* _How to complete this task_:
Your answer is the line containing "Barolo Falletto vigna" plus every line after it through the end of the records, printed exactly and free of pictures.

* _Scraped caption text data_:
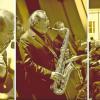 (jck)   Etwa 130 Besucher waren am Samstag ins Museum Georg Schäfer gekommen, um die schönsten Jazz-Klassiker aller Zeiten zu hören. Die Formation „Ed Sperber Kaleidoskop“, die sich aus hochkarätigen Musikern zusammensetzt, bot ihnen ein breites Spektrum bekannter Werke. Zum Ensemble gehören der Saxofonist Ed Sperber, der Kontrabassist Johannes Fink, der Drummer Werner Treiber und der Pianist Thomas Fink. Es sind insbesondere die Jazzstandards, die die Musiker zu ihrer Passion machen, und das war auch beim Konzert im Museum Georg Schäfer spürbar. Sie spielten weltbekannte Titel wie „Take Five“, „Fly me to the moon“ oder „Au Privave“. Darüber hinaus waren fugenartige Arrangements über „All the things you are“ und „Autumn Leaves“ Teil des Programms. Auch Balladen wie „Body and Soul“, „Moonlight in Vermont“ oder „Teach me tonight“ bekamen ihren Platz im Konzert. Ed Sperber (Saxofon, Klarinette, Querflöte und Vocals) ist zweimaliger Gewinner des Deutsches Jazzfestivals in Düsseldorf, tourte durch Europa und mit dem Orchester Ambros Seelos durch Ostasien. Der Professor der Hochschule für Musik in Würzburg feierte 2012 sein 50-jähriges Bühnenjubiläum. Thomas Fink (Piano), auch der „fränkische Oskar Petersen“ genannt, spielte mit  Musikern wie Peter Herbolsheimer und dem Trompeter Ack van Rooyen. Johannes Fink (Kontrabass) ist als Musiker und Komponist im Auftrag des Goethe-Instituts weltweit unterwegs. Werner Treiber (Drums) studierte am Meistersinger-Konservatorium in Nürnberg Schlagzeug und Percussion und nahm an internationalen Tourneen teil.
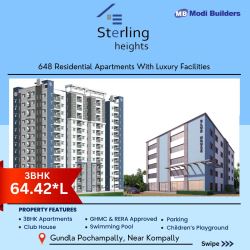 Duplex Apartments in Hyderabad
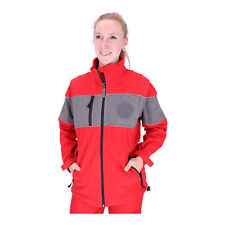 Fleecejacke rot grau gebraucht kaufen  Apolda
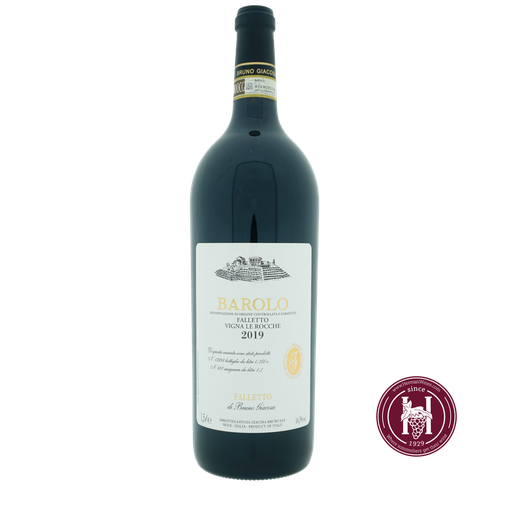 Barolo Falletto vigna le Rocche - Bruno Giacosa - 2019 - R 1.5L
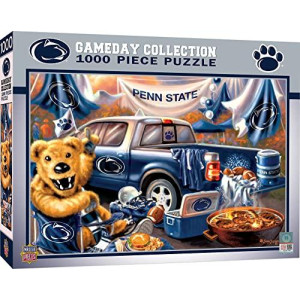 Penn State gameday 1000 pc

* _Result for this task_:
 Barolo Falletto vigna le Rocche - Bruno Giacosa - 2019 - R 1.5L
 Penn State gameday 1000 pc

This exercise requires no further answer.